The Capital had been torched, the President's House, Capitol building, Library of Congress and most of the federal buildings burned. People weren't sure if the Constitution had survived. Even the President and other federal leaders had fled the city. Baltimore was next, and If she fell, the British would have cut us off north and south. Their next goal was to take the Mississippi which would have cut us off east and west. The nation would have been dissected.
Admiral Cockburn hated Baltimore because of her famed Clipper ships, and her strategic importance to the nation. She was the third largest port, and the largest port not occupied at the time, and he wanted that prize.
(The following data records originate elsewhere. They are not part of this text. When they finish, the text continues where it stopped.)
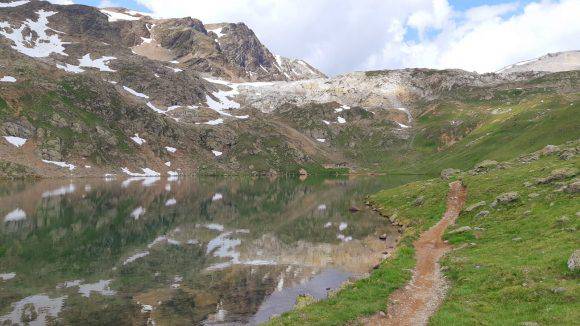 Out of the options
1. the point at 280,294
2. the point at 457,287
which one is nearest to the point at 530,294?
the point at 457,287

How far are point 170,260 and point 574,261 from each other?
39.9 metres

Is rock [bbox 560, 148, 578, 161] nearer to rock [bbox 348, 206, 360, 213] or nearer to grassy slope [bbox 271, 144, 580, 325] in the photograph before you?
grassy slope [bbox 271, 144, 580, 325]

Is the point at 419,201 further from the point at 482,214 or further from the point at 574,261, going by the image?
the point at 574,261

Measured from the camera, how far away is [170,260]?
1956 inches

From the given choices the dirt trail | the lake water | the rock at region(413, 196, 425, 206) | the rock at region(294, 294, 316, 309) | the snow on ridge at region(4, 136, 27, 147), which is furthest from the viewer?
the snow on ridge at region(4, 136, 27, 147)

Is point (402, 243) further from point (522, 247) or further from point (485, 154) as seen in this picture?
point (485, 154)

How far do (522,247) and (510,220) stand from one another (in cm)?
1138

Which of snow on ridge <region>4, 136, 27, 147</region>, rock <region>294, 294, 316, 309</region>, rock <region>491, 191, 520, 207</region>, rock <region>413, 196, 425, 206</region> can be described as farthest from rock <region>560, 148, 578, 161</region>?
snow on ridge <region>4, 136, 27, 147</region>

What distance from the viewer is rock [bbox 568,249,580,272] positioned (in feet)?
80.4

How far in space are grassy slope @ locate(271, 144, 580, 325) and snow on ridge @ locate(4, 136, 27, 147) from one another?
198932mm

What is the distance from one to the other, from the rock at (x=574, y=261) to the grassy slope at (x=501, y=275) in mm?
385

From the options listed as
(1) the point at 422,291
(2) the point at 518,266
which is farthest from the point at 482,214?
(1) the point at 422,291

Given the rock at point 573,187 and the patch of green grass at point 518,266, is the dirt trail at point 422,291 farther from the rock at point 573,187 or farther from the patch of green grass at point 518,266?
the rock at point 573,187

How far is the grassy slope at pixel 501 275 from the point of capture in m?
22.3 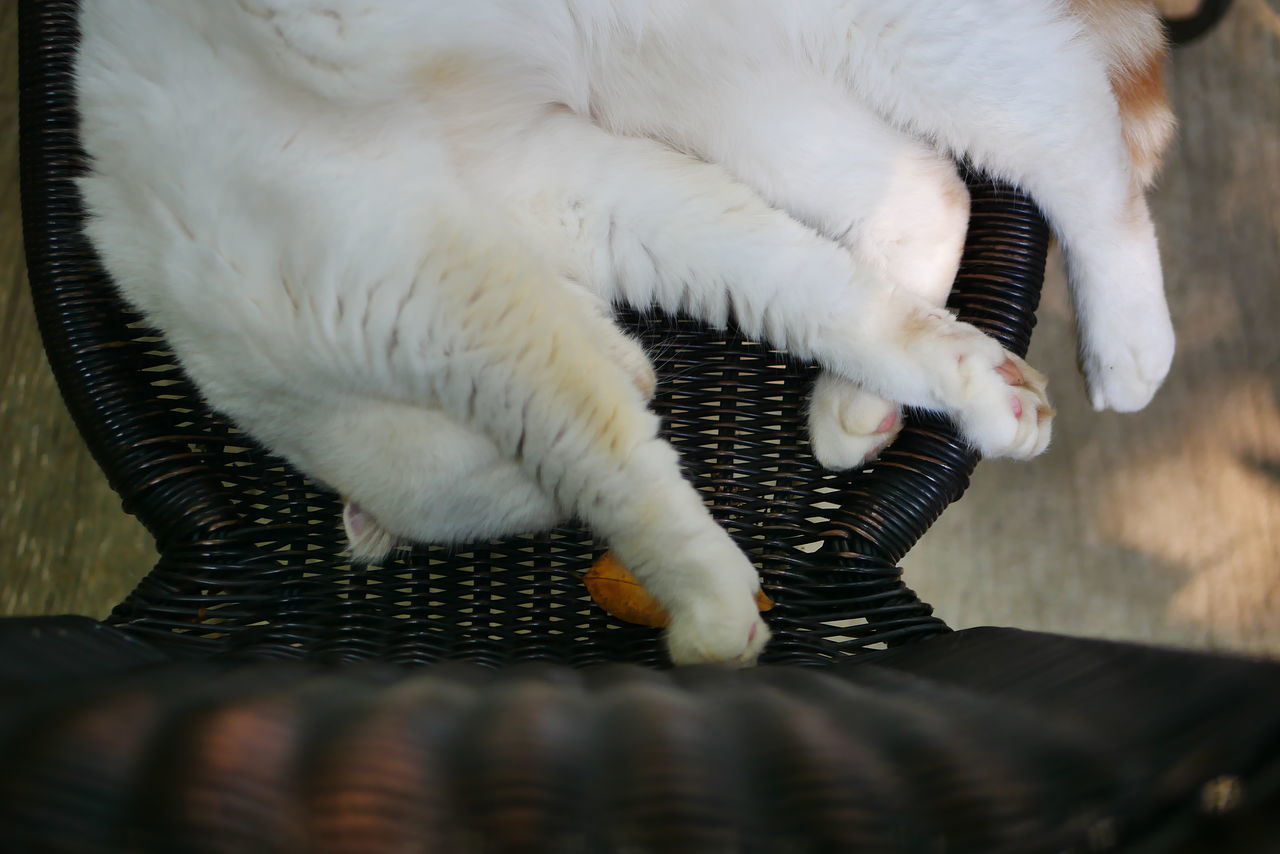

At that moment, if Baltimore fell, the nation would likely never be the same. Key knew that. He  also had family in the city, and while being held by the British, he heard Admiral Cockburn boast about the horror they would unleash upon Baltimore's citizens,  as they had done in Hampton. Virginia, where the British unleashed French prisoners upon the populace. Citizens were murdered and women were raped. These were the terrors that filled him that night of the bombardment.
When he saw the flag the next morning. he felt every possible emotion. Relief, gratitude, anger, patriotism. The icons of America had been burned in Washington, but a new symbol of America remained-- the Star-Spangled flag that gave proof that the city had held, and the the British had failed. Key's poem had been written under the most extreme duress, on the back on a piece of paper, as a conversation ensued during the agonizing hours of waiting passed. His poem was printed and circulated amongst the troops, rallying them,  raising a broken people from their knees, and giving them hope. That is why the anthem deserves to be honored. Because it gave a nation hope.
I have never heard that Key was racist. He struggled to choose the law over the clergy. he was the writer of hymns and a man who longed for a better world. But if you have proof of this claim, my only rebuttal is that we will find few men worthy of our admiration if we judge those of another era by today's understanding. We must measure men within the context of their own time, their own struggles, their own sensibilities, while celebrating the courageous visionaries who dared fight for something better.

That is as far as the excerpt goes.